◆ Exercise
Repeat the data verbatim, images excluded.

◆ Data below

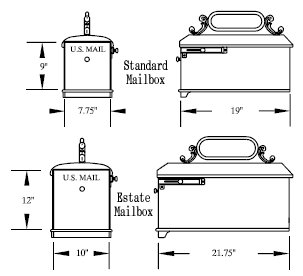 Imperial mailboxes deminsional line drawing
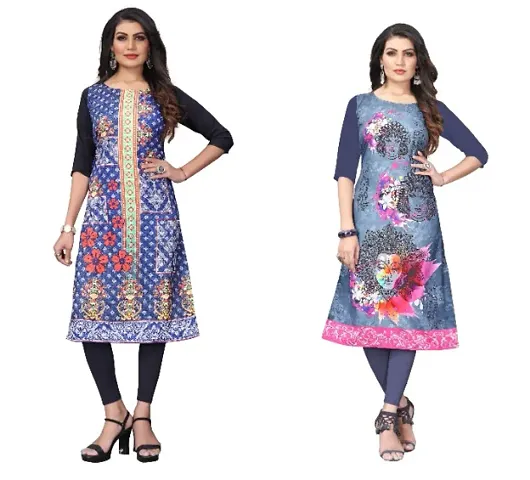 Reliable Crepe Straight Kurta For Women- Pack Of 2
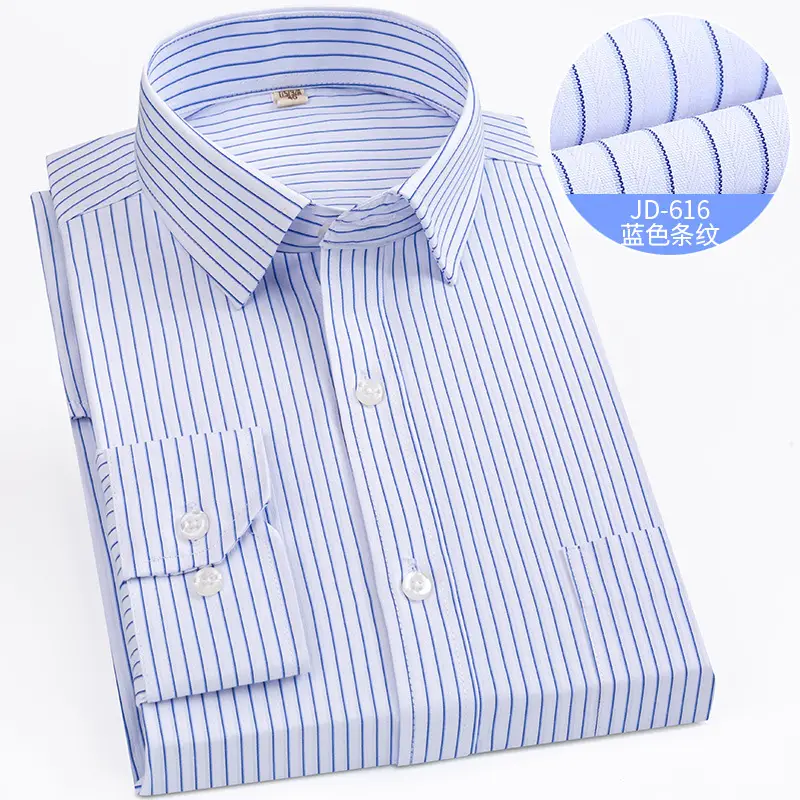 Striped Long Sleeve Business Shirt for Men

◆ Completed exercise
 Imperial mailboxes deminsional line drawing
 Reliable Crepe Straight Kurta For Women- Pack Of 2
 Striped Long Sleeve Business Shirt for Men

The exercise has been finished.